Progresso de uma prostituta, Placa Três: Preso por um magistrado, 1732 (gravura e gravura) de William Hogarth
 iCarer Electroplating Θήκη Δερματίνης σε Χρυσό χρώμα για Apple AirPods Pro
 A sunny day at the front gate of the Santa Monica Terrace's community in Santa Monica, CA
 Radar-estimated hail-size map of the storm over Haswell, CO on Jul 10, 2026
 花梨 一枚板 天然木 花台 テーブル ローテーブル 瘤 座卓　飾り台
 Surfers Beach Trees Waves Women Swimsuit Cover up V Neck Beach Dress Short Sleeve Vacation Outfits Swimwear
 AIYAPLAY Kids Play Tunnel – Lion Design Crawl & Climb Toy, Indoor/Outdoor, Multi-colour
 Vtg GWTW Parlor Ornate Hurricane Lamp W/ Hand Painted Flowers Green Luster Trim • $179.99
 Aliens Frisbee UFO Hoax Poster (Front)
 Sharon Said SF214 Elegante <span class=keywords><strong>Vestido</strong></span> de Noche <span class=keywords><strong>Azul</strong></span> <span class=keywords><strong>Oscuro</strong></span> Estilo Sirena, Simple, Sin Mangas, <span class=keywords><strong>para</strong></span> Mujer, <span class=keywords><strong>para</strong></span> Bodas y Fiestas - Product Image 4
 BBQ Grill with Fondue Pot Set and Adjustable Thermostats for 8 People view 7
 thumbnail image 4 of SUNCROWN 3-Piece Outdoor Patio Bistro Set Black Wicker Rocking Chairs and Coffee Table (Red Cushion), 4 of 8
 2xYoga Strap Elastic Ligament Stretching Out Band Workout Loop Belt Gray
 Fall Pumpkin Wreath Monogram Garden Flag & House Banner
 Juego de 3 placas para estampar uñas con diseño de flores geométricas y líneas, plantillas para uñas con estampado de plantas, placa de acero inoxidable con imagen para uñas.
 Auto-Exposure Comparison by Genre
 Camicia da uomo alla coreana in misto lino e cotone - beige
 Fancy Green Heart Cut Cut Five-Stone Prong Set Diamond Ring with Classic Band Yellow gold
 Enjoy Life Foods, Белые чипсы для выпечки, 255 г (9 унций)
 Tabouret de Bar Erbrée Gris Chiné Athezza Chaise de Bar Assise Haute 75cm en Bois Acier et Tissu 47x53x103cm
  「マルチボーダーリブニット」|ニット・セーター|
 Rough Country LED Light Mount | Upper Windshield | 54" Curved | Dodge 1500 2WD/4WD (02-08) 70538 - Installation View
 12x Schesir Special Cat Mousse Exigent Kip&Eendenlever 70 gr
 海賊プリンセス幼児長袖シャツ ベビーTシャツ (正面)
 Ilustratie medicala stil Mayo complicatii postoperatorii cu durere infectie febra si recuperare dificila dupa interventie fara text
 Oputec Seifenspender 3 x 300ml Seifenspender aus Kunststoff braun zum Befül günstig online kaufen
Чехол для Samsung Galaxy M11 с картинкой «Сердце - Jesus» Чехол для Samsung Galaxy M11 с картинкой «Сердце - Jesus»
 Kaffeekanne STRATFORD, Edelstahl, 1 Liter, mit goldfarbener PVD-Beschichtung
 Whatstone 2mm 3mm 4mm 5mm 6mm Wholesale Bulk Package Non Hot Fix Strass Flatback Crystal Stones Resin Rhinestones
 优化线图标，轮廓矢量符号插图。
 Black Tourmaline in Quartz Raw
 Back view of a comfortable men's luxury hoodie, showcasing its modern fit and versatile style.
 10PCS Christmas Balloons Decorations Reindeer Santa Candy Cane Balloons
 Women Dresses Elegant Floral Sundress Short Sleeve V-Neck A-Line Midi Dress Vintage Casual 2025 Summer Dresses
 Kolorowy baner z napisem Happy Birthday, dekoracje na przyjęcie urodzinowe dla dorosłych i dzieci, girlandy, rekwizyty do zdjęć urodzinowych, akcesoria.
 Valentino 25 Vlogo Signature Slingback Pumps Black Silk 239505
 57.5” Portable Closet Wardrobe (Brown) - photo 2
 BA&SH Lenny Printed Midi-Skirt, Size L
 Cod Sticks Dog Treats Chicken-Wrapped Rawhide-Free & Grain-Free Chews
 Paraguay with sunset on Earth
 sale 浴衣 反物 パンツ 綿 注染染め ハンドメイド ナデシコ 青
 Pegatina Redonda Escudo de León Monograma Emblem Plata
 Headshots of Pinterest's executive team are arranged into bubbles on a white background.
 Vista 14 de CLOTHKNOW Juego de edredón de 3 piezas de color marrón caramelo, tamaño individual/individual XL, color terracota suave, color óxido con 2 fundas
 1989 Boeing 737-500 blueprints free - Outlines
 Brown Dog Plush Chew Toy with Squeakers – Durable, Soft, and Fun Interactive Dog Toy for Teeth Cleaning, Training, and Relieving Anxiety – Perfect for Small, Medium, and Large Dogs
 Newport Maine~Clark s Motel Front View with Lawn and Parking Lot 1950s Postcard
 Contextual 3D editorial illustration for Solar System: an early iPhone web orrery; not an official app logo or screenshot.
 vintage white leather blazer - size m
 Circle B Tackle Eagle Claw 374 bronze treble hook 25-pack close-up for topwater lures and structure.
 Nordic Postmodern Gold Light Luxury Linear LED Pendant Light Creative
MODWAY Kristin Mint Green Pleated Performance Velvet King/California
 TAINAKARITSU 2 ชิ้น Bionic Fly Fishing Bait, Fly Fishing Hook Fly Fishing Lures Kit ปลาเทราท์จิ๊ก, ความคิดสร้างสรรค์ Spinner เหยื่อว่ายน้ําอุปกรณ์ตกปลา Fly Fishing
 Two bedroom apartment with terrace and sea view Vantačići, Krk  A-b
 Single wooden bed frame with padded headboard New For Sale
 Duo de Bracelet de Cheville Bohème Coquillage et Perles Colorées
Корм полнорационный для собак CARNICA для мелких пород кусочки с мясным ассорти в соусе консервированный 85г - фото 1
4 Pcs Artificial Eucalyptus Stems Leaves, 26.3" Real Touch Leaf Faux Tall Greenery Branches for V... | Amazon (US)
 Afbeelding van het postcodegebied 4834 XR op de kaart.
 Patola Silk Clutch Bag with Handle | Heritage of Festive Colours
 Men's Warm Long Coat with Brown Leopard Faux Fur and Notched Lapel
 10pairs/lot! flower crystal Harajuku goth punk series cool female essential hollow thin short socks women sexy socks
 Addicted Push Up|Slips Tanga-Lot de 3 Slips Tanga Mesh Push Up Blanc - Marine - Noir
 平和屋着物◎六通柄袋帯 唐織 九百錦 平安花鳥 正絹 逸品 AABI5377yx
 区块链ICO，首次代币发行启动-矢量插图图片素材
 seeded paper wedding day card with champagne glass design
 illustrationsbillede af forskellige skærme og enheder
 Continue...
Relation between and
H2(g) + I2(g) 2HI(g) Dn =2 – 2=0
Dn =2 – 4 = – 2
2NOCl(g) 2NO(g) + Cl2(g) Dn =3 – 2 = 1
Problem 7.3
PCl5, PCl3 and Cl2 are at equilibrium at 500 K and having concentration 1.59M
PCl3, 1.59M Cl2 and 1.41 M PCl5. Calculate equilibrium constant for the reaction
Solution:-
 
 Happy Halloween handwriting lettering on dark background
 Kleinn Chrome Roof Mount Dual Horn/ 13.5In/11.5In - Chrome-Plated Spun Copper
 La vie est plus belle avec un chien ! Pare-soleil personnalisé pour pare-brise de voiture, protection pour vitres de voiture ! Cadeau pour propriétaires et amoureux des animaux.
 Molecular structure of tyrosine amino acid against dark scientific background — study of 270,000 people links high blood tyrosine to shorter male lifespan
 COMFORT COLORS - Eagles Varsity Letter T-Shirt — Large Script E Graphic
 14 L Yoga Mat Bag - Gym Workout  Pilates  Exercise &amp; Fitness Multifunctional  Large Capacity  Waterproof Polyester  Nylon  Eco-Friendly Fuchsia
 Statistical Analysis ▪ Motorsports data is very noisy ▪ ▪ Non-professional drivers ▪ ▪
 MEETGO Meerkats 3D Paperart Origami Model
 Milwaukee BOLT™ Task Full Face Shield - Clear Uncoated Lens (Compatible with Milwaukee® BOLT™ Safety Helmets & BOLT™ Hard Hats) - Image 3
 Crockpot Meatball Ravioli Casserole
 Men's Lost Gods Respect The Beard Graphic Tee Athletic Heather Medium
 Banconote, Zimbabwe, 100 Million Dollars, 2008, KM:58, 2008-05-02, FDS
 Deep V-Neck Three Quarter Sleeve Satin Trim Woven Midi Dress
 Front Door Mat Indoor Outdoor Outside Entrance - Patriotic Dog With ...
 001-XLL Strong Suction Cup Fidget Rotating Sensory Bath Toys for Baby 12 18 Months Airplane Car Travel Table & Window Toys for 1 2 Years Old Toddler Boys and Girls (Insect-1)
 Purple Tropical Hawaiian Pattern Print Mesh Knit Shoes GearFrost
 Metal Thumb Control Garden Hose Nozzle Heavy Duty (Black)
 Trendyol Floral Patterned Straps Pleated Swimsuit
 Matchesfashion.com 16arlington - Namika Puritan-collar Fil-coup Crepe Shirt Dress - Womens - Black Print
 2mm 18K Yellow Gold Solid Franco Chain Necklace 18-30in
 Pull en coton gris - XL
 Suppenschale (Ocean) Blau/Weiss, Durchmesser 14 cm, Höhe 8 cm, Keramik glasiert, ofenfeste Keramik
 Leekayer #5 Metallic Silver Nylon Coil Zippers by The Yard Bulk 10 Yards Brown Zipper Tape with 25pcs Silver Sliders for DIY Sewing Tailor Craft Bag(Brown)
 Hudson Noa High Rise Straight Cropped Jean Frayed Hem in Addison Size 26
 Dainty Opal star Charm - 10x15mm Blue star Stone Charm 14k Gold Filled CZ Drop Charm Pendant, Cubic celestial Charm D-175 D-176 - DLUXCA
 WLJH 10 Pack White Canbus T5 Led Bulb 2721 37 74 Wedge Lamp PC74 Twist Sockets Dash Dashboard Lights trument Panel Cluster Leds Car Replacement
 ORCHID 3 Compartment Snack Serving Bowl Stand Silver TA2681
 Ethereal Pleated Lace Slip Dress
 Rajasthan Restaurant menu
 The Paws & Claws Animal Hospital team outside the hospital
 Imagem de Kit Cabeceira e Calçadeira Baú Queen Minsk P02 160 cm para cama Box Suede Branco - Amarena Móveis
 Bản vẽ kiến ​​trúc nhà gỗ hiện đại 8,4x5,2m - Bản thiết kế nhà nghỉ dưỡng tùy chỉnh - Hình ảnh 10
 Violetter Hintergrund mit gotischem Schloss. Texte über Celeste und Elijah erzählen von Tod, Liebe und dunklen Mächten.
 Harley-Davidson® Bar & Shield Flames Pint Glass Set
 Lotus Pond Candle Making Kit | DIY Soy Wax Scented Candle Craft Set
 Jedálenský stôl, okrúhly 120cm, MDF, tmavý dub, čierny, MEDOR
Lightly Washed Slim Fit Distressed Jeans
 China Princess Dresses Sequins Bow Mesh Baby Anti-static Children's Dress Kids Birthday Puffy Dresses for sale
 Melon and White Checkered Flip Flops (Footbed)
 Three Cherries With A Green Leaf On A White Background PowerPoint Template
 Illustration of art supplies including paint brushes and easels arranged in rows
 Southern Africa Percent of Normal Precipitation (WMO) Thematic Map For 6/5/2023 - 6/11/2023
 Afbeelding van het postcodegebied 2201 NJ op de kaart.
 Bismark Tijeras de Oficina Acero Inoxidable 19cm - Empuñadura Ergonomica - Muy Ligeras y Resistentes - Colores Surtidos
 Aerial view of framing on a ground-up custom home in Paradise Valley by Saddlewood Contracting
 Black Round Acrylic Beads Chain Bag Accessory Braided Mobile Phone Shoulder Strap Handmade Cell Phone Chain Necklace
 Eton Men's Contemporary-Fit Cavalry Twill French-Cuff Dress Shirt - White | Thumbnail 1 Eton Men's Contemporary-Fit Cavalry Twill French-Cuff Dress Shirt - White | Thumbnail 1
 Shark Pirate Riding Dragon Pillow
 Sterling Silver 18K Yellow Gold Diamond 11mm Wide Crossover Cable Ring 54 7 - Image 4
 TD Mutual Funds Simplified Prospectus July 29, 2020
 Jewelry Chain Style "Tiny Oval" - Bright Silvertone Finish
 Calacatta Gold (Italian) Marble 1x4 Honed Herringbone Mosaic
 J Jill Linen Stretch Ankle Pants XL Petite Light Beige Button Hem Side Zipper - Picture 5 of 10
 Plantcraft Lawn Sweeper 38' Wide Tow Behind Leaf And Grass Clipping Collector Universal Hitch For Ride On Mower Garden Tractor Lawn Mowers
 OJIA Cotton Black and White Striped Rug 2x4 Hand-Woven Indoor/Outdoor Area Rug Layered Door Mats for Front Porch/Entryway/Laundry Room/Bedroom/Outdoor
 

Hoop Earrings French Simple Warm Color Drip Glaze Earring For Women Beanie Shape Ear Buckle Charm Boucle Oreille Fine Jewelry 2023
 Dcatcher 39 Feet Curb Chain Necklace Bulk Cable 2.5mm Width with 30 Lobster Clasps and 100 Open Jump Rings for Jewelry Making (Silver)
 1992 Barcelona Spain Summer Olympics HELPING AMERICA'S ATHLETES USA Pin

### REQUIRED WORK
Which lines run from the one holding "Bản vẽ kiến" through the one holding "Black Round Acrylic" in the records above? Repeat them exactly, both included, and nothing more.

### WRITTEN ANSWER
 Bản vẽ kiến ​​trúc nhà gỗ hiện đại 8,4x5,2m - Bản thiết kế nhà nghỉ dưỡng tùy chỉnh - Hình ảnh 10
 Violetter Hintergrund mit gotischem Schloss. Texte über Celeste und Elijah erzählen von Tod, Liebe und dunklen Mächten.
 Harley-Davidson® Bar & Shield Flames Pint Glass Set
 Lotus Pond Candle Making Kit | DIY Soy Wax Scented Candle Craft Set
 Jedálenský stôl, okrúhly 120cm, MDF, tmavý dub, čierny, MEDOR
Lightly Washed Slim Fit Distressed Jeans
 China Princess Dresses Sequins Bow Mesh Baby Anti-static Children's Dress Kids Birthday Puffy Dresses for sale
 Melon and White Checkered Flip Flops (Footbed)
 Three Cherries With A Green Leaf On A White Background PowerPoint Template
 Illustration of art supplies including paint brushes and easels arranged in rows
 Southern Africa Percent of Normal Precipitation (WMO) Thematic Map For 6/5/2023 - 6/11/2023
 Afbeelding van het postcodegebied 2201 NJ op de kaart.
 Bismark Tijeras de Oficina Acero Inoxidable 19cm - Empuñadura Ergonomica - Muy Ligeras y Resistentes - Colores Surtidos
 Aerial view of framing on a ground-up custom home in Paradise Valley by Saddlewood Contracting
 Black Round Acrylic Beads Chain Bag Accessory Braided Mobile Phone Shoulder Strap Handmade Cell Phone Chain Necklace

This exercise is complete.